11. Knowingly providing a false social security number, even when there was no purpose to defraud anyone of anything of “pecuniary value,” and the statement is not made to government agents. E.g., United States v. Silva-Chavez, 888 F.2d 1481, 1483-84 (5th Cir. 1989); United States v. Manning, 955 F.2d 770 (1st Cir. 1992), abrogated as to other parts of the decision, as recognized by United States v. Gonsalves, 435 F.3d 64, 72 (1st Cir. 2006).
12. Knowing falsehoods to voters about the authorship or endorsement of political campaign materials, when the statements violate trademark law or other legal rules, even when no money is involved. E.g., United We Stand America, Inc. v. United We Stand, America New York, Inc., 128 F.3d 86 (2d Cir. 1997) (rejecting First Amendment arguments and upholding injunction against defendant’s using the name “United We Stand, America”); United We Stand America, Inc. v. United We Stand, America New York, Inc., 941 F. Supp. 39 (S.D.N.Y. 1996) (stating that the Lanham Act applies not just to deceptive uses of another organization’s name with respect to fundraising, but also with respect to “holding public meetings and press conferences” and “propounding proposals”) (quoting Brach Van Houten Holding, Inc. v. Save Brach’s Coalition for Chicago, 856 F. Supp. 472, 475-76 (N.D. Ill. 1994)); Tomei v. Finley, 512 F. Supp. 695 (N.D. Ill. 1981) (rejecting First Amendment arguments and enjoining Democratic candidates from using the acronym “REP,” as in “Vote REP April 7,” as shorthand for the Representation for Every Person Party, a name seemingly chosen precisely to deceive voters into thinking that the candidates were Republicans); Schmitt v.
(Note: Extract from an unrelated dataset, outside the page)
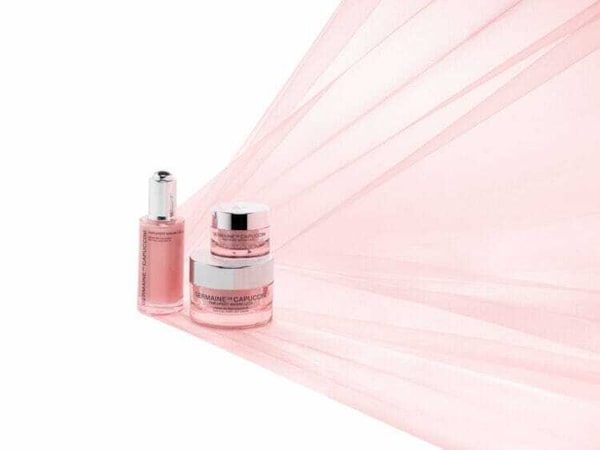 Speedy Wrinkle-Reducing Products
McLaughlin, 275 N.W.2d 587, 590 (Minn. 1979) (rejecting First Amendment arguments in holding that the defendant’s use of initials “DFL” in advertisements and lawn signs violated a state law barring false claims of support or endorsement by a political party, there the Democratic Farmer Labor party); People v. Duryea, 351 N.Y.S.2d 978, 988 (Sup. Ct. 1974) (dictum) (stating that a ban on false claims of endorsement by a political party would be constitutional), aff’d, 354 N.Y.S.2d 129 (App. Div. 1974).
13. Making a knowingly false statement about which office one currently holds in an election campaign. Treasurer of the Comm. to Elect Gerald D. Lostracco v. Fox, 389 N.W.2d 446 (Mich. Ct. App. 1986) (upholding against First Amendment challenge a statute banning false claims that one is the incumbent); Ohio Democratic Party v. Ohio Elections Comm’n, 2008 WL 3878364 (Ohio. Ct. App. Aug. 21) (upholding against First Amendment challenge a statute banning candidates from claiming to hold an office that they do not currently hold).